Calcul de l'infiltration d'air ambiant : l'équation derrière le tirage thermique des climatiseurs monobloc

Editorial note: this guide is general information. Product specifications and figures are illustrative category estimates, not verified manufacturer or independent-lab measurements, please verify against primary sources before buying. Find Portable AC is currently an illustrative demo; stock tracking and email alerts are not live.

La plupart des tests de climatiseurs portables se concentrent sur les valeurs en BTU et les niveaux de décibels. Beaucoup moins abordent la chaleur qui revient dans la pièce sans invitation — la pénalité thermique que le tirage thermique des climatiseurs monobloc impose à chaque unité à un seul tuyau en fonctionnement. Ce n'est pas un défaut de conception que les ingénieurs auraient négligé ; c'est la conséquence inévitable de l'évacuation de l'air de la pièce vers l'extérieur et de la physique qui en découle. Ce qui la rend maîtrisable, c'est qu'elle est mathématiquement prévisible et donc mesurable, visible et réductible.
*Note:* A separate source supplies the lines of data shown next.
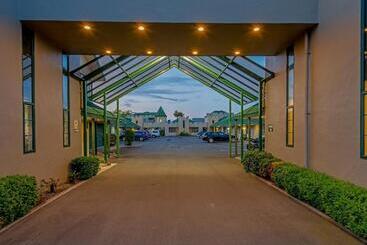 مُتل Camelot Motor Lodge And Conference Centre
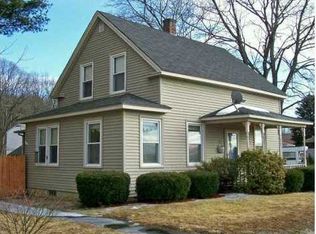 1828 Mendon Rd, Woonsocket, RI 02895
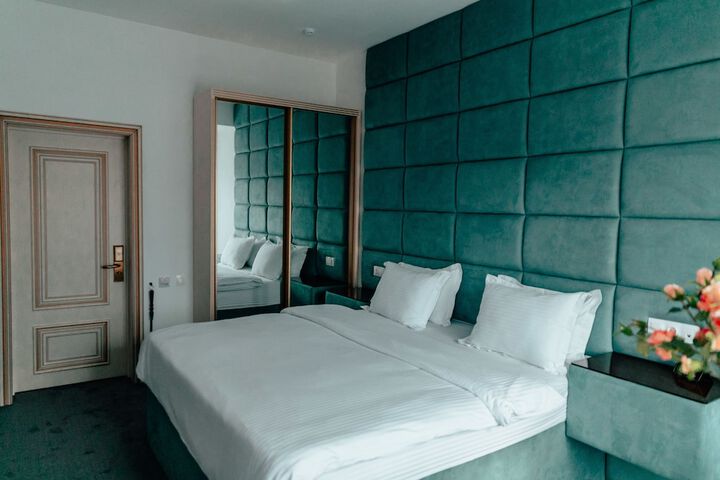 Room 15 of 59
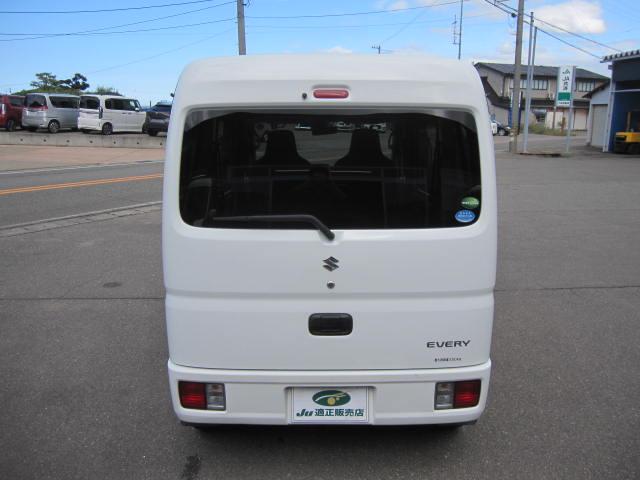 エブリイ ＰＣリミテッド　４ＷＤ　４ＡＴ　パワーウィンドゥ　セキュリティーアラーム　　ＥＴＣ装備　運転席エアバッグ　助手席エアバッグ　横滑り防止装置　キーレスエントリー　パワーステアリング　マニュアルエアコン　ＡＢＳ（6枚目）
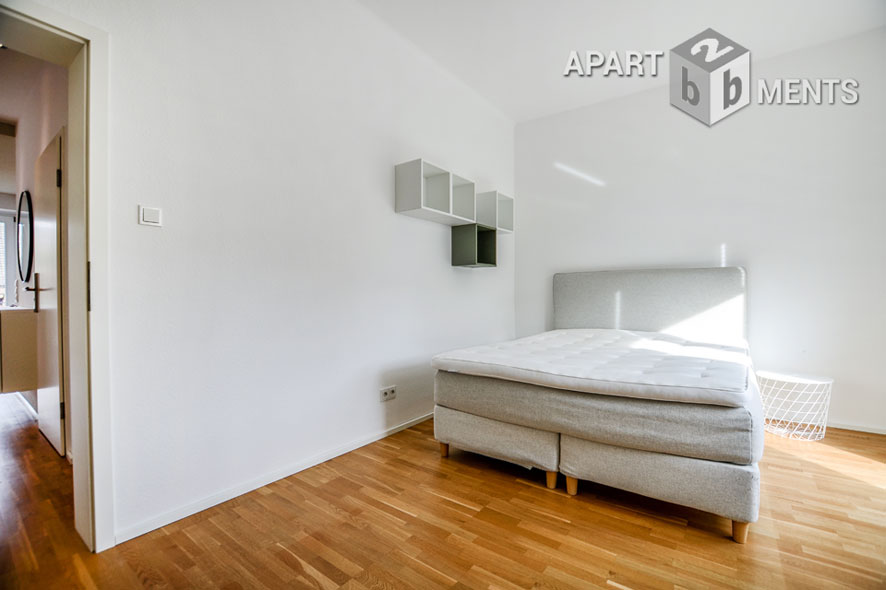 Furnished 2-room apartment with balcony and terrace in Cologne-Lindenthal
Cet article construit pas à pas l'équation complète de la charge thermique d'infiltration : la composante sensible qui augmente avec la différence de température, la composante latente qui augmente avec l'humidité extérieure, et le total combiné contre lequel le compresseur doit lutter avant d'obtenir le moindre rafraîchissement net de la pièce. Les chiffres reposent sur des conditions psychrométriques réelles d'un été européen et sont cohérents avec les valeurs indiquées dans les spécifications publiées des fabricants et les essais des fiches EPREL de l'UE.
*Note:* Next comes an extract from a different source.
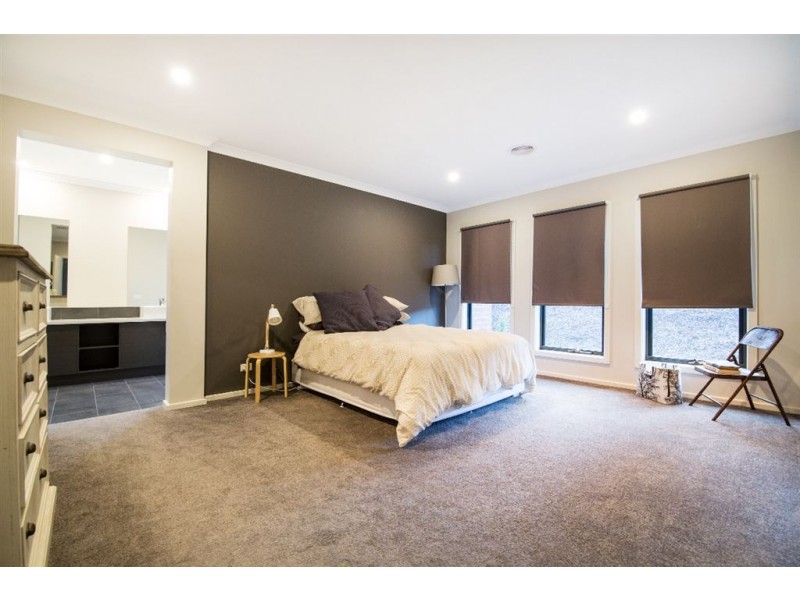 4 heron Ridge, Brown Hill VIC 3350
Qu'est-ce que l'infiltration due au tirage thermique des climatiseurs monobloc ?

L'infiltration due au tirage thermique des climatiseurs monobloc est la charge thermique totale introduite dans une pièce par l'air extérieur infiltré, aspiré pour remplacer l'air évacué par le ventilateur d'échappement d'une unité portable à un seul tuyau. Elle comprend deux composantes : la chaleur sensible (la charge associée à la différence de température entre l'air extérieur et intérieur) et la chaleur latente (la charge associée à la teneur en humidité plus élevée de l'air estival extérieur). Les deux doivent être éliminées par la batterie de l'évaporateur, réduisant la fraction de capacité de refroidissement disponible pour une véritable baisse de la température de la pièce.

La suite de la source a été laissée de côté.